Scarcely had he done this when he was startled by a sound which was very familiar to him—Mr. Sivewright’s sharp short cough.

He drew back amazed. This secret staircase—or if not exactly a secret staircase, at least one which nobody had taken the trouble to explore—had led him directly to Mr. Sivewright’s room.

He waited for a few minutes, heard the old man sigh as he turned wearily in his bed, heard the crackle of a newspaper presently as he turned the leaf, and convinced himself of the fact that this closet communicated with Homer Sivewright’s room. Whether its existence were known to Mr. Sivewright or not was a question which he must settle for himself as best he might.

He went back as noiselessly as he had come, and found Jacob Wincher waiting in the brewhouse, patiently seated upon a three-legged stool.

‘Well, sir, you didn’t find much, I suppose, to compensate for having made such a figure of your coat with plaster and cobwebs—only rubbish and such-like, I suppose?’

‘My good Mr. Wincher, I found positively nothing,’ answered Lucius. ‘But I extended my knowledge of the topography of this queer old house, and in doing that recompensed myself for my trouble. Yes,’ he added, glancing disconsolately at his coat, ‘the whitewash has not improved my appearance; and the cost of a coat is still a matter of importance to me. Now for the cellars. You are sure all means of exit are cut off?’

‘Quite sure, sir.’

‘Then we may find our thief snugly stowed away underground perhaps, with the booty upon him. Come along.’

They groped their way into the various cellars by the light of a candle, and examined their emptiness. Two out of the four had contained coals, but were now disused. The small quantities of coal which Mr. Sivewright afforded for his household were accommodated in a roomy closet in the kitchen. The remaining two had contained wine, and a regiment of empty bottles still remained, the fragile memorials of departed plenty. They found beetles and spiders in profusion, and crossed the pathway of a rat; but they discovered no trace of the thief.
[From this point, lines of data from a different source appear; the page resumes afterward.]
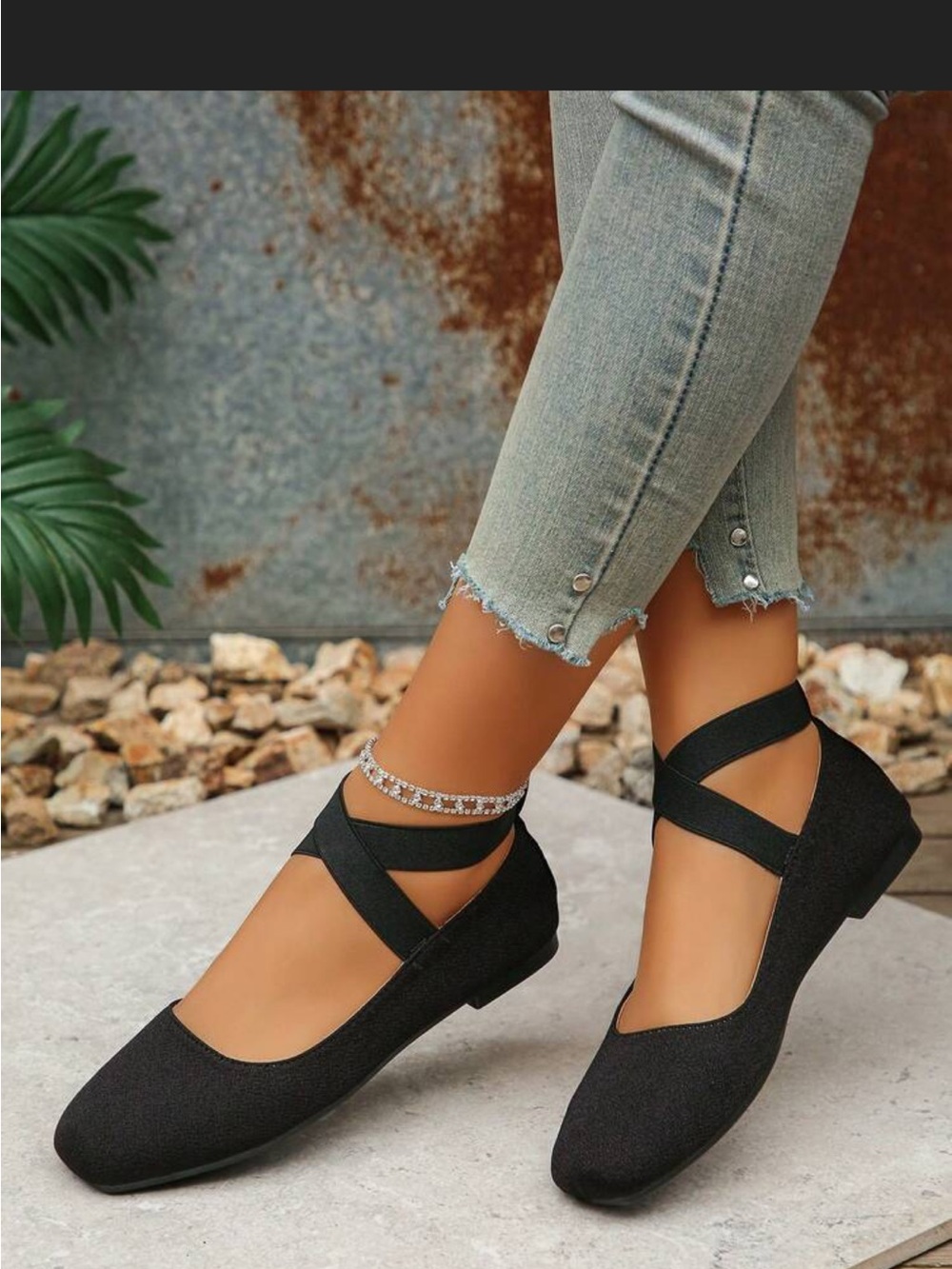 NIB Black Elastic Ankle Strap Ballet Flats - Women’s Size 7.5
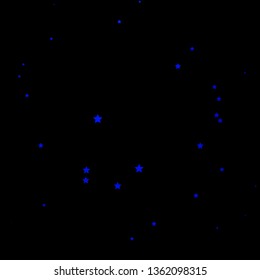 Dark BLUE vector background with small and big stars. Decorative illustration with stars on abstract template. Pattern for wrapping gifts.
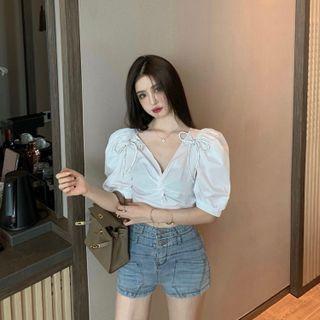 Puff-sleeve Rhinestone Bow Blouse White - One Size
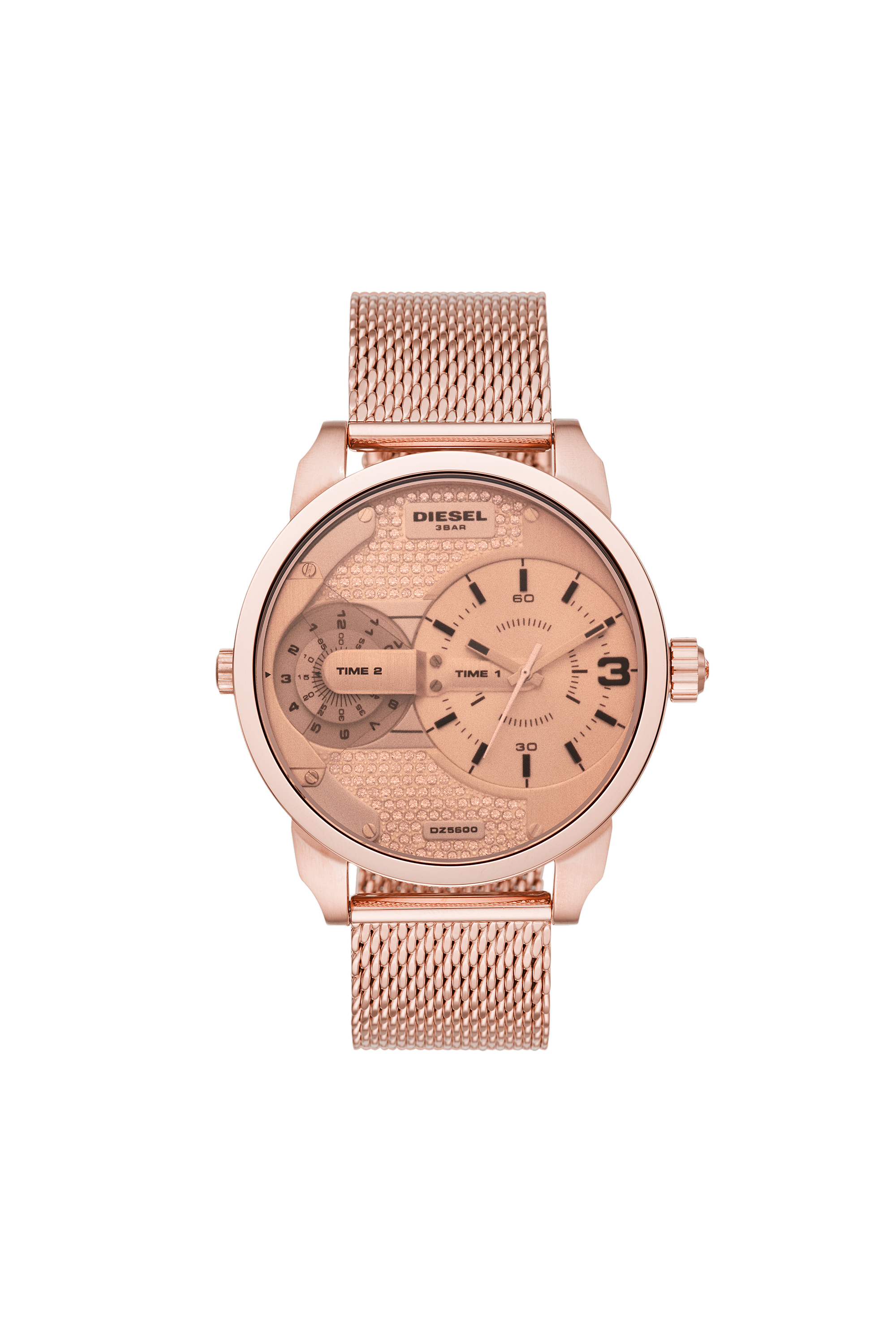 Diesel - DZ5600, Reloj Mini Daddy multifunci&oacute;n en acero inoxidable de tono oro rosado Mujer in Rosa - 1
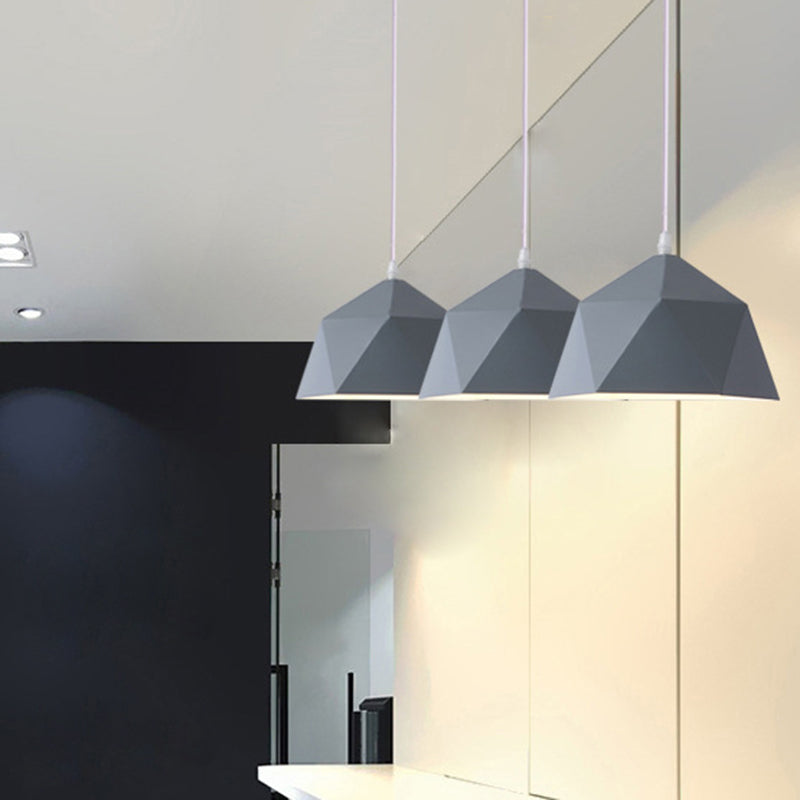 1-Licht-Diamant-Anhängerlampe Nordic Macarons Stil Metall Esszimmer Hanging Lampe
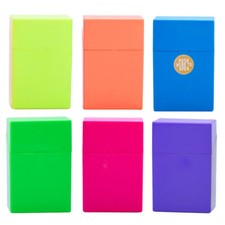 6 x Zigarettenbox Zigarettenetui f&uuml;r 20 Zigaretten Dose Kunststoff neon farbig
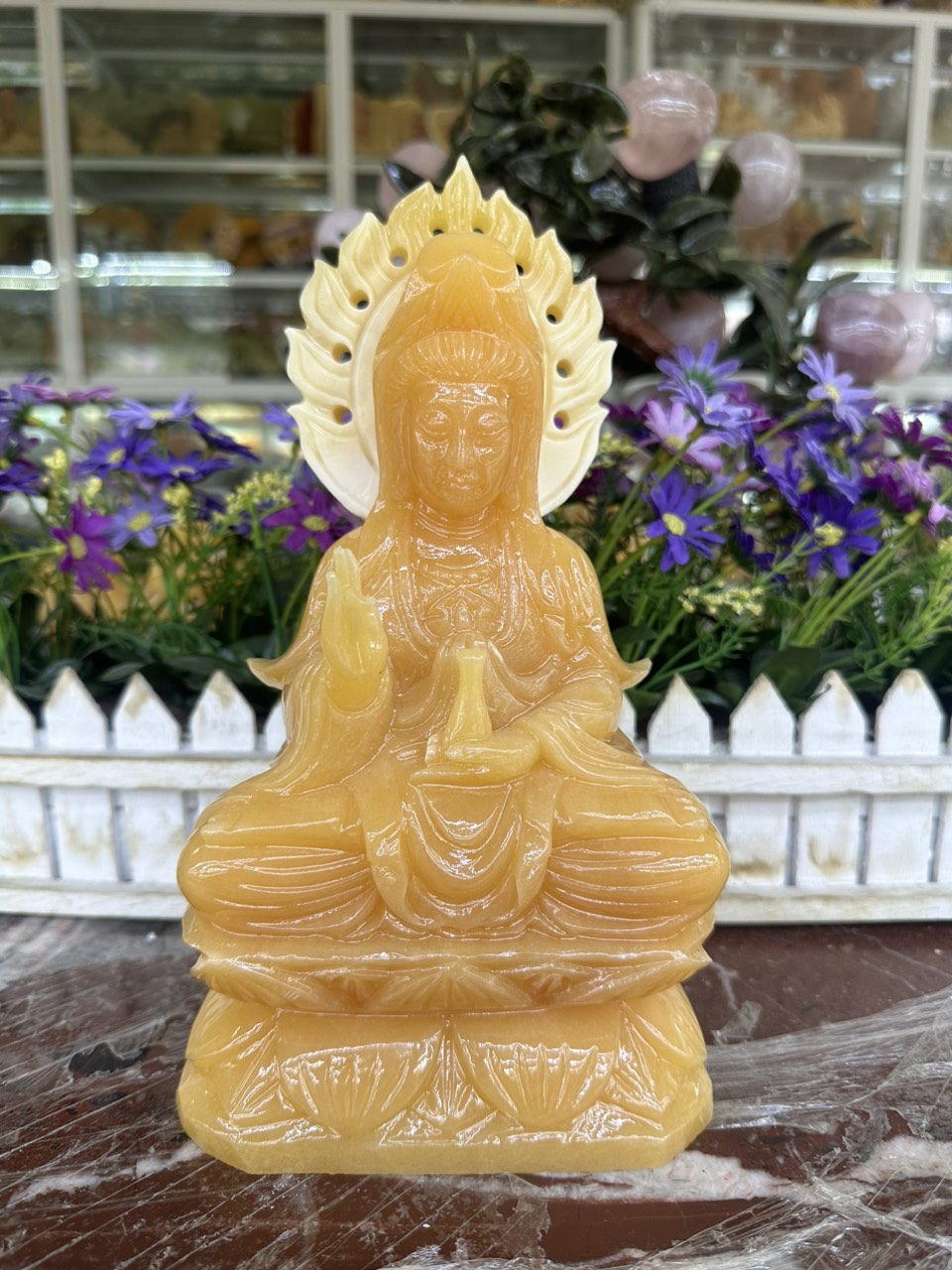 Tượng Phật Bà Quan Âm ngồi đài sen đá ngọc hoàng long - Cao 25 cm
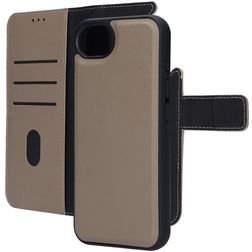 Mobiparts Housse iPhone 16e Etui avec Coque Détachable en Cuir Véritable Porte-Monnaie - Taupe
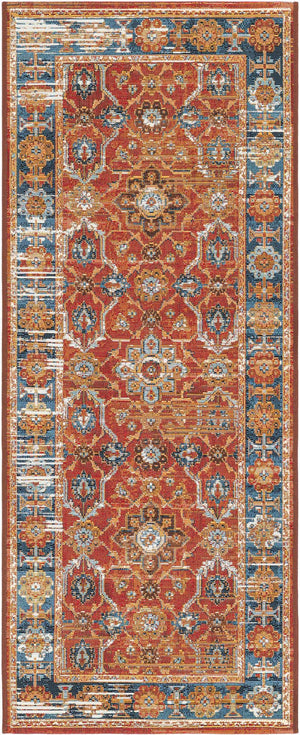 Antique Red 2' x 5' 1 Outdoor Traditional Runner Area Rug Weather Resistant for Patio, Deck, Terrace, Balcony, Porch Classical Design Outside Carpet for Sale at Rug Engine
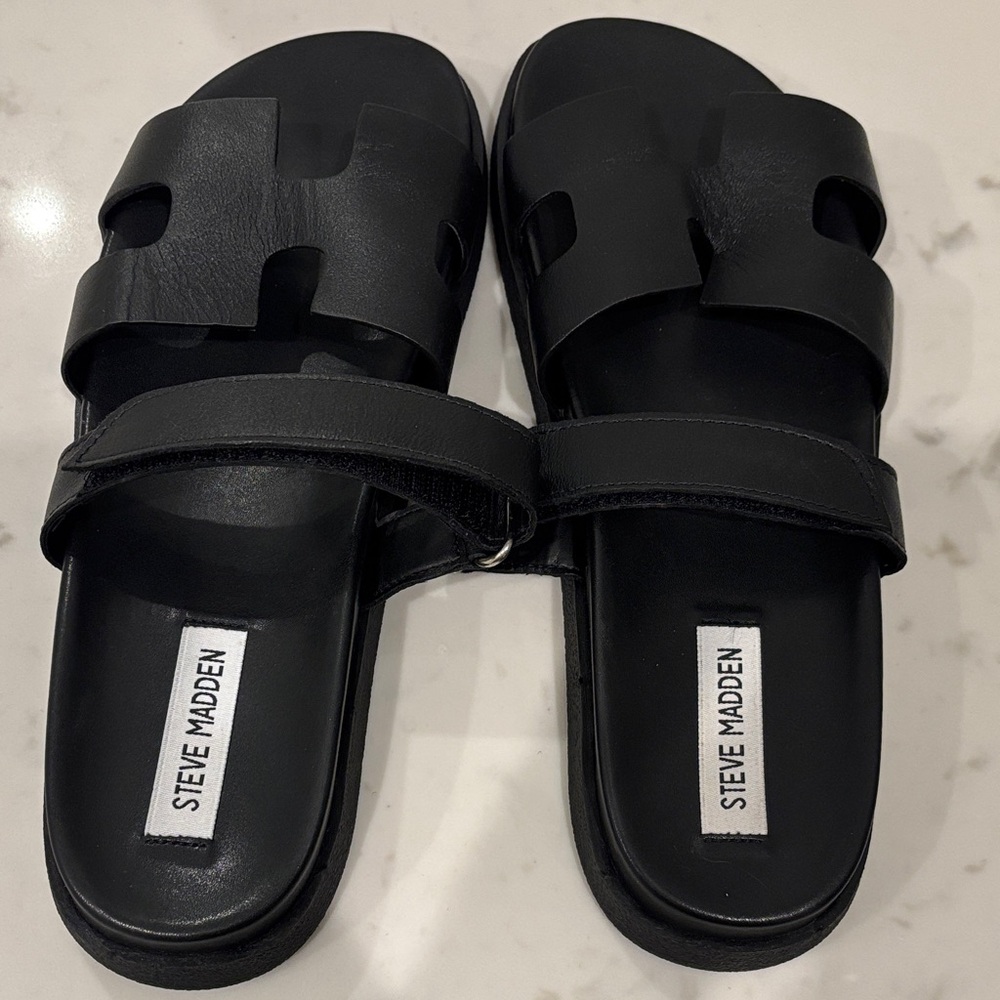 Steve Madden Black Leather Slides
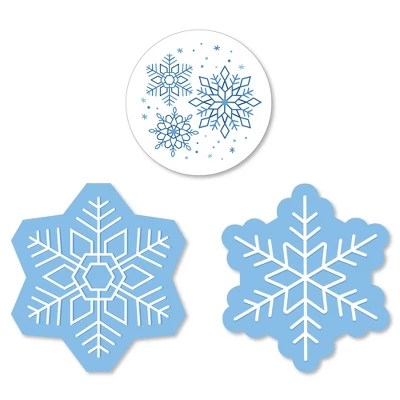 Big Dot of Happiness Blue Snowflakes - DIY Shaped Winter Holiday Party
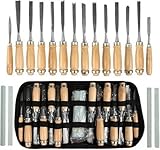 Stechbeitel Set für Holz 14 Stück TIMESETL Holzschnitzwerkzeug Set Holzmeißel Set Hohlbeitel Drechseln Werkzeug für Holz mit 4 Schleifstein, Schnitzwerkzeug für Holz Set Beutel für Profis und Anfänger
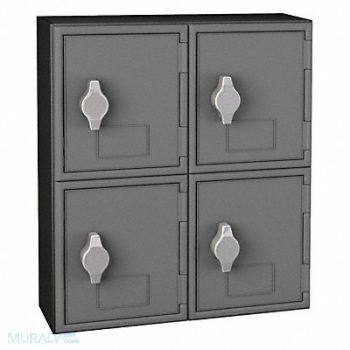 UNITED VISUAL PRODUCTS Locker 2x2Lckrs Gry/Blk 13.5 x12 x4, 48XW70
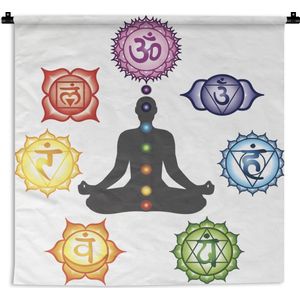 Wandkleed De Zeven Chakra's - Zeven chakra's rond een mediterend silhouet Wandkleed katoen 90x90 cm - Wandtapijt met foto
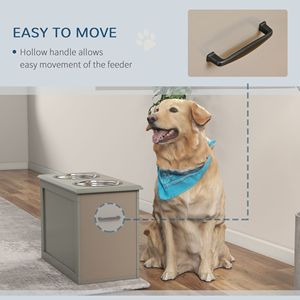 Stazione di Alimentazione e Conservazione Rialzata Grigia per Animali Domestici con 2 Ciotole in Acciaio Inossidabile per Cani di Taglia Grande e Altri Animali di Grossa Taglia - Product Image 6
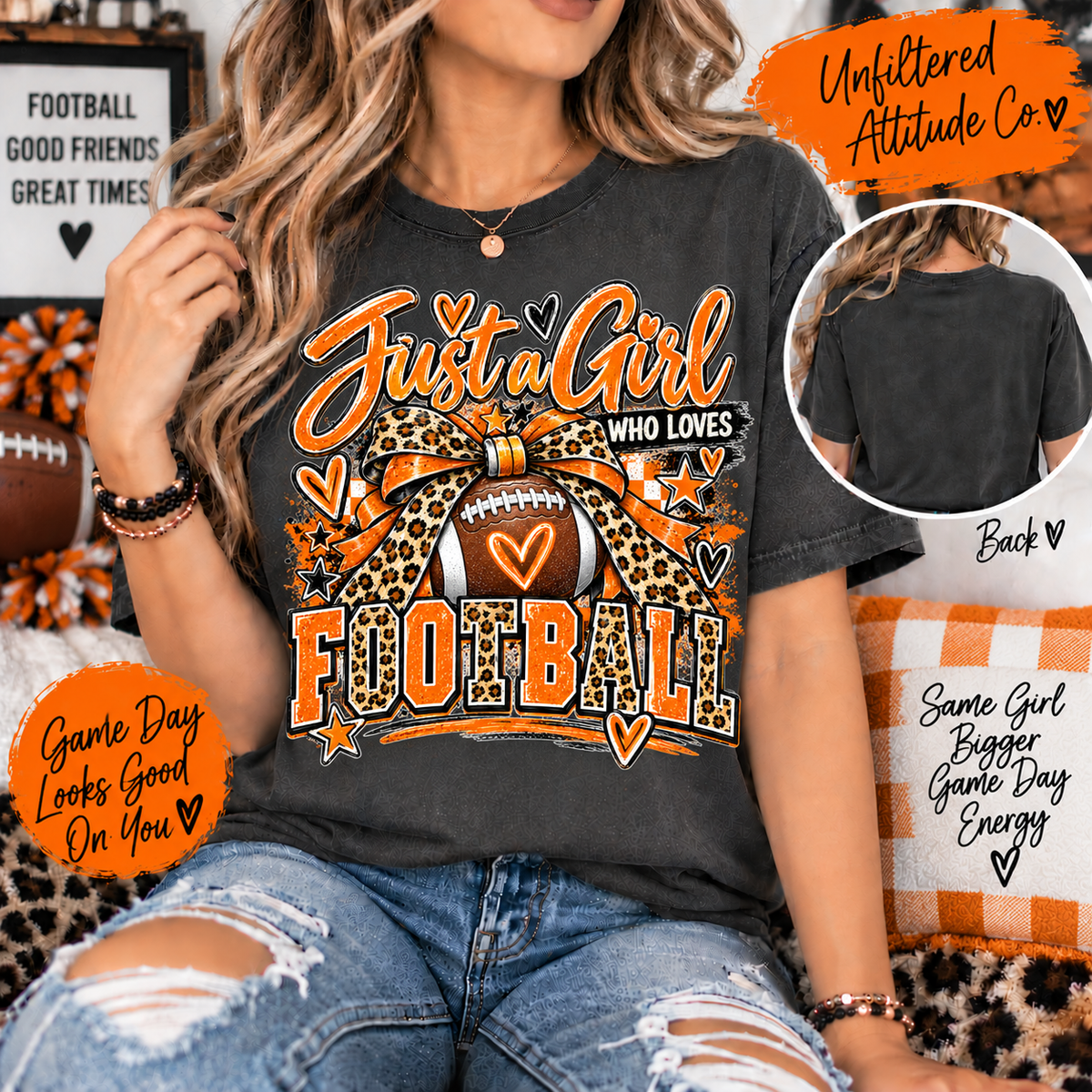 Just a Girl Who Loves Football – Orange & White Game Day Graphic Tee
This exploration and the previous conversation with Jacob Wincher occupied nearly two hours. Lucius left the house without again seeing Lucille. He would have been unable to account for his occupation during those two hours without giving her fresh cause for alarm. But before going he contrived to see Mrs. Wincher, and from that matron, now perfectly placable, he received the pleasing intelligence that Lucille was fast asleep on a sofa in the parlour.

‘I brought her in a ramshackle old sofy belonging to the bricklebrack,’ said Mrs. Wincher; ‘Lewis Katorse, my good gentleman calls it. And she laid down when I persuaded her, and went off just like a child that’s worn out with being on the trot all day. But she does look so sad and worried-like in her sleep, poor dear, it goes to my heart to see her.’

‘Sad and worried,’ thought Lucius; and he had added to her anxieties by arousing her childish fears of an unknown danger. And then at the very time when she was broken down altogether by trouble and grief, had taken it into his head to suspect her. He hated himself for those shameful doubts which had tortured him a little while before.

‘Come what may,’ he said to himself, ‘let events take what shape they will, I will never again suspect her. Though I had forged the chain of evidence link by link, and it led straight to her, I would believe that facts were lies rather than think her guilty.’